After an Al Jazeera undercover sting, Cyprus said last week it would scrap its investor programme, which has generated €7 bln, on November 1.

Reporters caught senior officials on camera apparently agreeing to facilitate a Cyprus passport for a fictitious Chinese investor with a criminal record.

European Commission vice-president Maros Sefcovic said that “infringement procedures” would be launched against the two countries on Tuesday.

“It’s very important to underline the fact that the commission has frequently raised its serious concerns about those schemes with the member states concerned, and the latest developments only reaffirm those concerns,” Sefcovic told reporters.

“We will continue our intensive contacts with both Cyprus and Malta to make sure European law in this area would be properly respected.”
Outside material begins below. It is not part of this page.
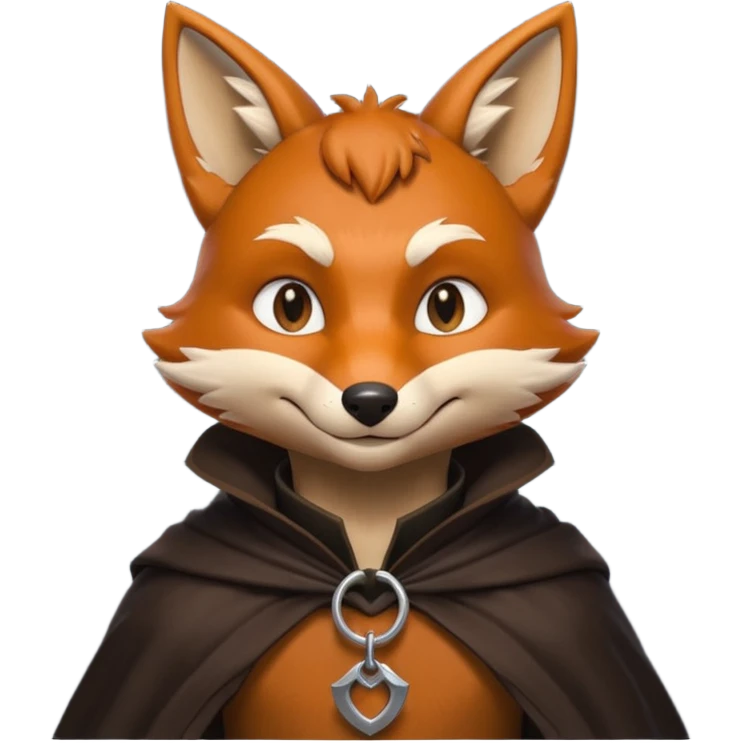 thief fox portrait, head and shoulders only, cunning grin, shadowy cloak collar, stealthy look, 3D cartoon, mobile game icon style, clean background, no text, no watermark
 emoji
Sefcovic said more details of the legal action would be announced once it is launched on Tuesday.

Cyprus and Malta are among the few countries that offer an EU passport for investment.

Foreign investors could acquire a Cypriot passport with an investment of €2.5 mln but the government is now scrapping it due to “abuse of the system”.

An independent committee of inquiry is reviewing some 4,000 applicants who received a passport since its inception in 2007.

Nicosia has said it will revoke seven passport due to ‘false representation’ by the applicants.

Following the Al Jazeera broadcast last week, Parliamentary Speaker Demetris Syllouris resigned as did AKEL MP Christakis Giovannis after they were featured in the ‘gotcha’ video.

There was also an anti-corruption protest held in Nicosia while a police investigation was launched.

In August, Al-Jazeera reported that dozens of investors who had applied for Cyprus passports were under criminal investigation, international sanctions or serving prison sentences.

Malta, which started selling passports to wealthy foreigners in 2014, last month arrested former prime minister Joseph Muscat’s chief of staff as part of a probe into alleged kickbacks connected to its own golden passport scheme.